The Robins were banned from registering new players recently after they breached the Financial Fair Play wage cap in League One.

After a tribunal panel ordered Town to pay the combined £340,000 due to Shrewsbury and Exeter for James Collins and Troy Archibald-Henville up front, rather than in separate instalments as the club had budgeted for, Swindon’s projected expenditure on wages and fees rose 1.5 per cent above the 65 per cent-of-turnover maximum dictated by new legislation brought in this season to combat excess spending.

Swindon voted in favour of the Financial Fair Play plans when they were proposed to the Football League member clubs, and chairman Jeremy Wray told the Advertiser that the current situation is not something fans need to worry about.

“The board will discuss it this week and we’ll see what we can do to get it resolved,” he said.

“What is important is that Paolo is able to do his job properly.
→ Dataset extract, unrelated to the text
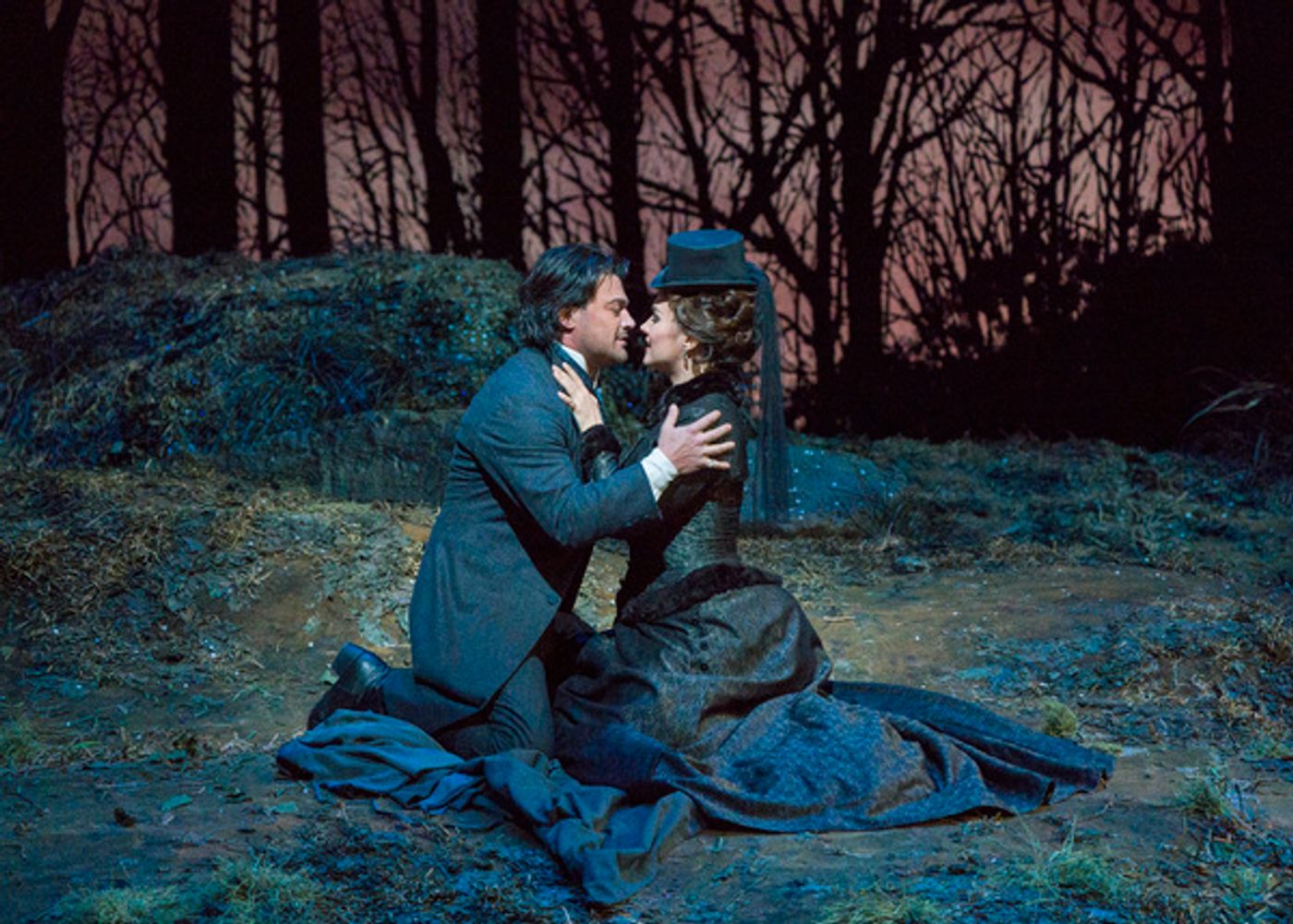 Photo Flash: First Look At Lucia di Lammermoor at The Met  Image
Clearly he has got enough players to make a team at the moment, what he was saying on Saturday is – with recent injuries – he feels he wants to have the option to dip into the transfer market.

“The truth is we will deal with it as is appropriate. It’s not a problem.”

There are various options available to the Town board as they look to balance the books and free up manager Paolo Di Canio’s options in the transfer market.

Firstly, the Robins could send some of their own players out on loan, with those clubs taking the individuals in question on paying a percentage of their wages.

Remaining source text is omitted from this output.